▶ Exercise requirements
No pictures go into the copy. Write out exactly the lines below from the one containing "UgreenCM204USB AtoRJ45ConsoleCable CM204" through the one containing "Kata-kata Tan Malaka".

▶ Data extract

*** Block opens ***

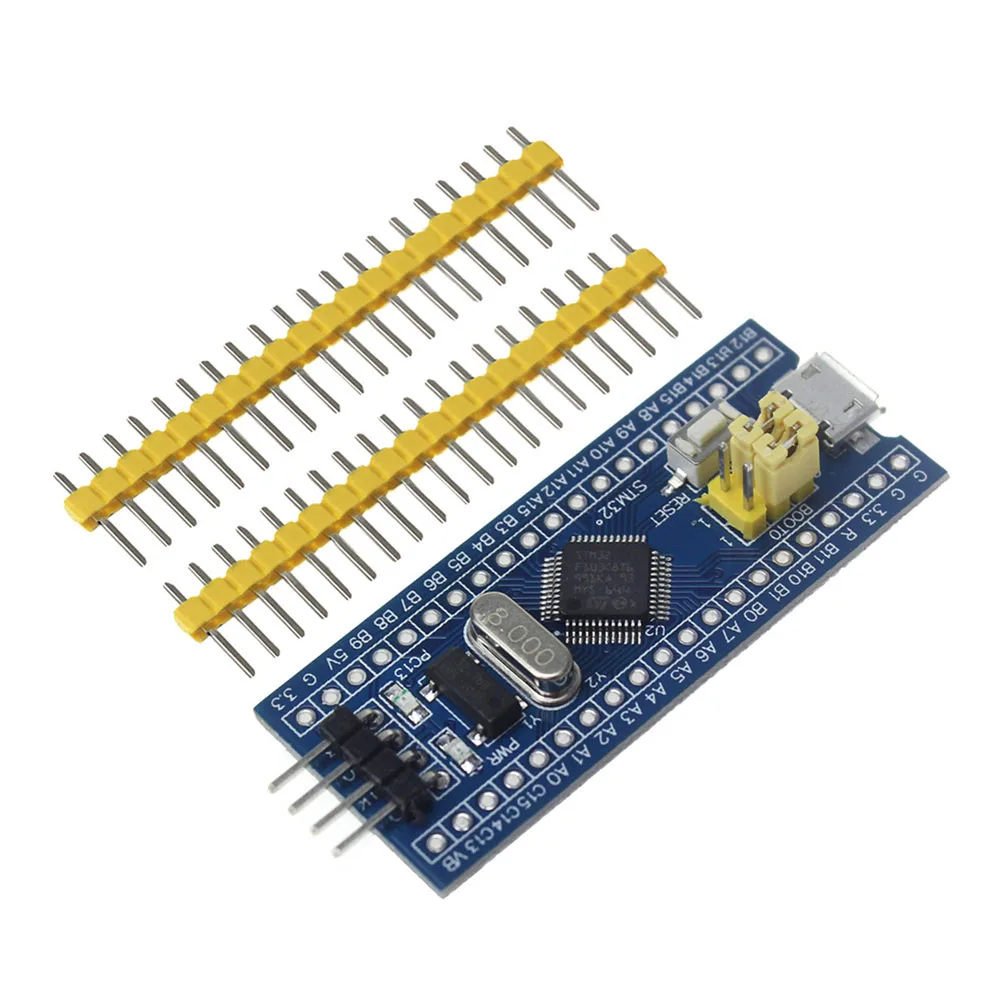 STM32F103C8T6 минимальная системная плата для STM32 ARM TU-shop | Электроника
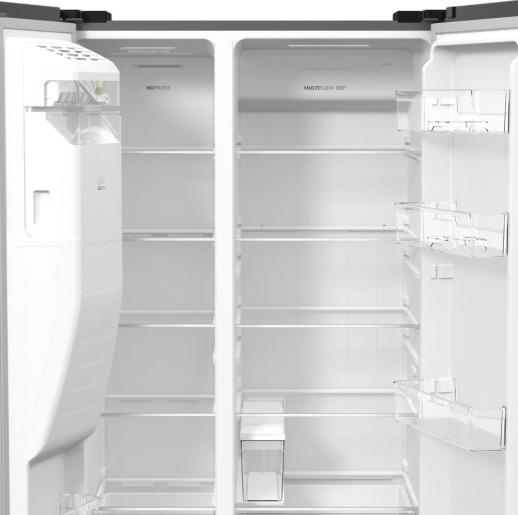 Actual product image Gorenje NRR9185ESXL (566 l)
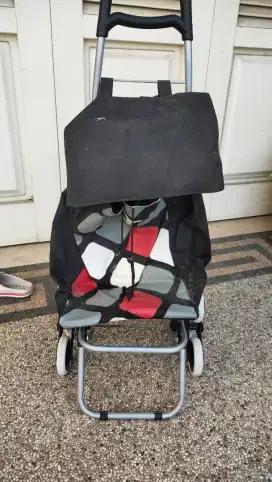 Tas Trolley Tas belanja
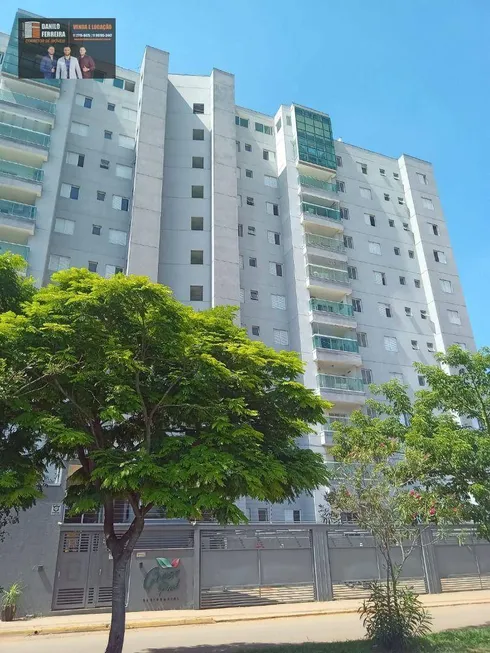 Foto 1 de Apartamento com 2 Quartos à venda, 67m² em Jardim Nair Maria, Salto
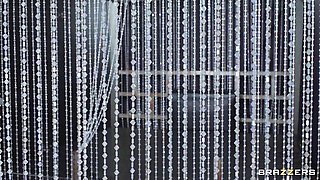 Beady Booty Part 2: Maximo Garcia and Anal Cowgirl Stripper Sapphire Astrea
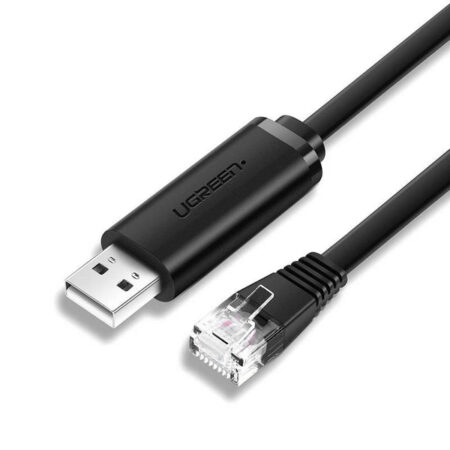 UgreenCM204USB AtoRJ45ConsoleCable CM204 i1 600x | +254720548999
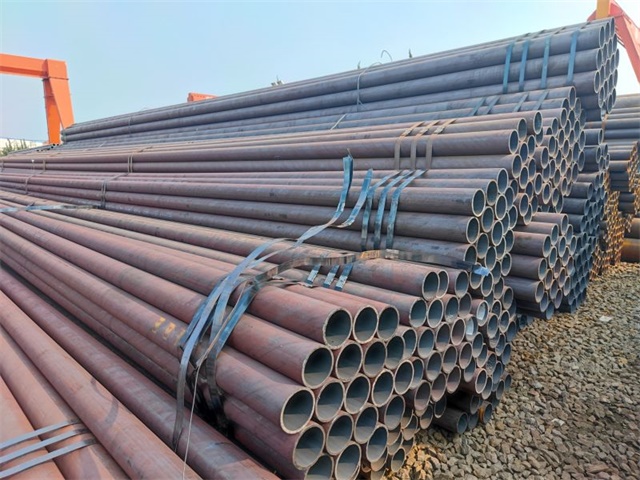 泰安q355b无缝钢管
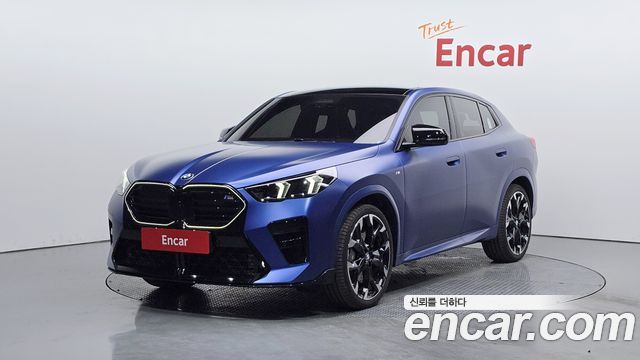 BMW X2 (F39) 2024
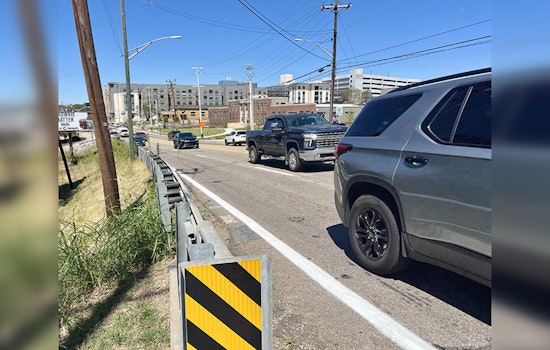 Knoxville’s Chapman Highway Fix Crawls Toward 2031 Finish Line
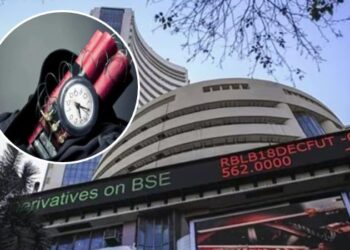 बॉम्बे स्टॉक एक्सचेंजला RDX बॉम्बने उडवण्याची धमकी, अज्ञात आरोपीविरुद्ध FIR दाखल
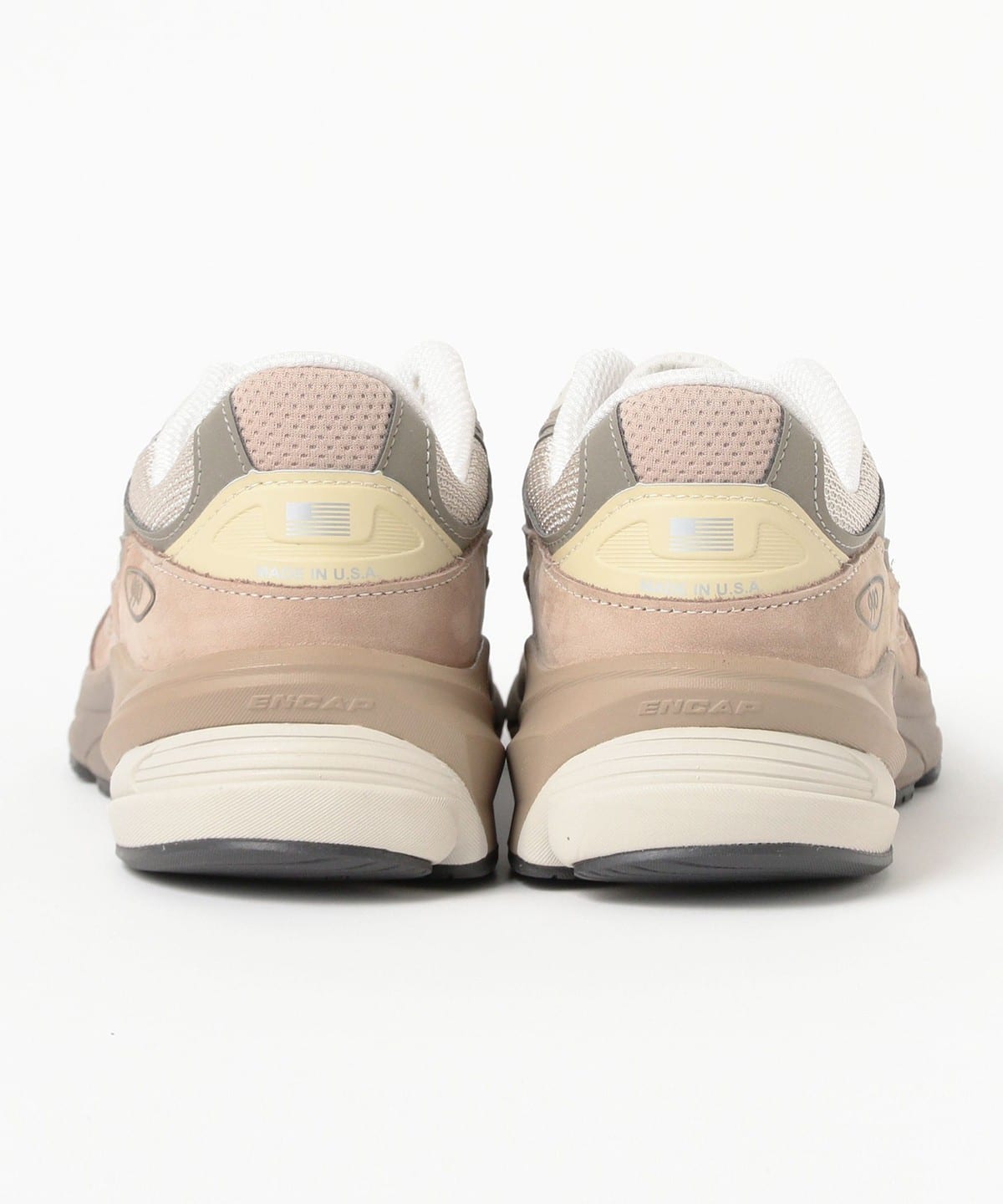BEAMS（ビームス）NEW BALANCE / Made in USA 990v6（シューズ 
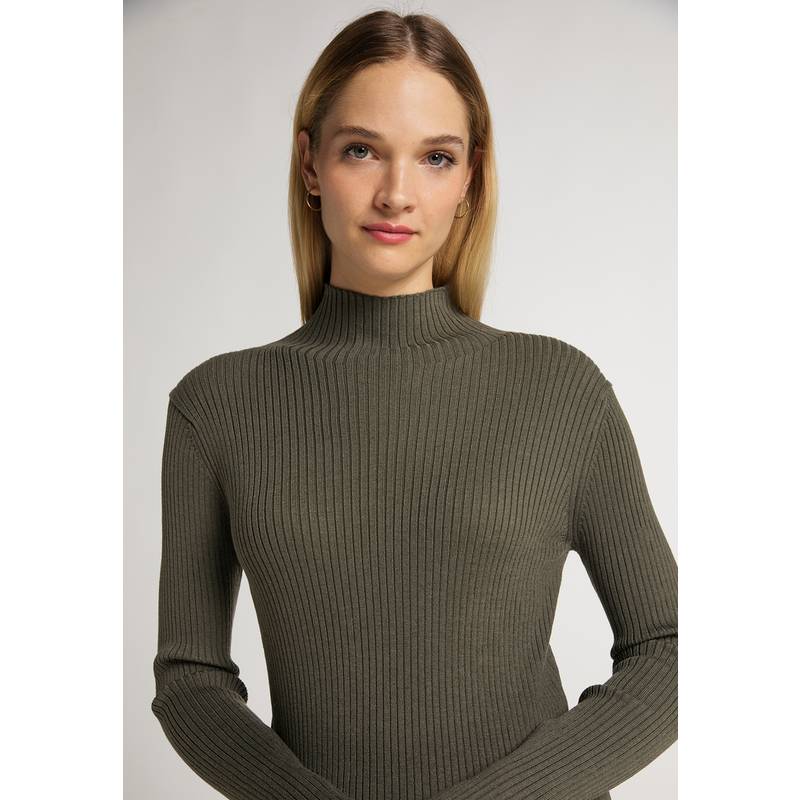 DreiMaster Strickpullover Damen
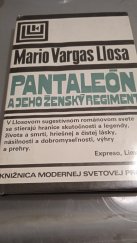 kniha Pantaleón a jeho ženský regiment , Tatran 1984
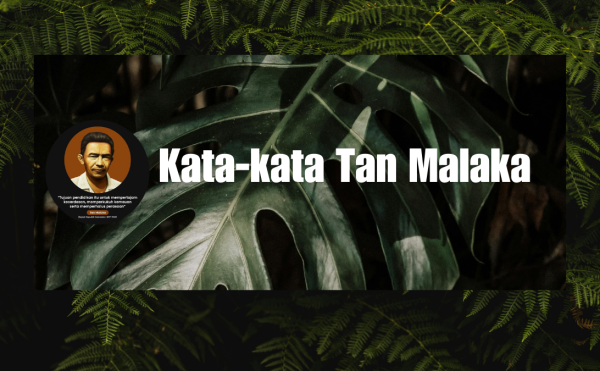 Kata-kata Tan Malaka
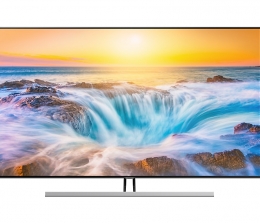 TV Neue QLED-Fernseher von Samsung kommen in den Handel - HDR10+ und AirPlay 2 - News, Bild 1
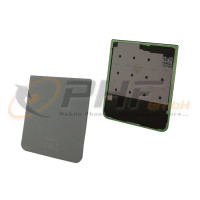 Samsung SM-F711b Galaxy Z Flip3 5G Akkudeckel, phantom green, Serviceware Samsung SM-F711b Galaxy Z Flip3 5G Akkudeckel, phantom green, Serviceware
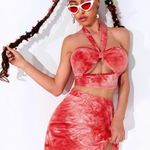 Nasty Gal Tie Dye Set Photo 0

*** Block closes ***

▶ Exercise result
 UgreenCM204USB AtoRJ45ConsoleCable CM204 i1 600x | +254720548999
 泰安q355b无缝钢管
 BMW X2 (F39) 2024
 Knoxville’s Chapman Highway Fix Crawls Toward 2031 Finish Line
 बॉम्बे स्टॉक एक्सचेंजला RDX बॉम्बने उडवण्याची धमकी, अज्ञात आरोपीविरुद्ध FIR दाखल
BEAMS（ビームス）NEW BALANCE / Made in USA 990v6（シューズ 
 DreiMaster Strickpullover Damen
 kniha Pantaleón a jeho ženský regiment , Tatran 1984
 Kata-kata Tan Malaka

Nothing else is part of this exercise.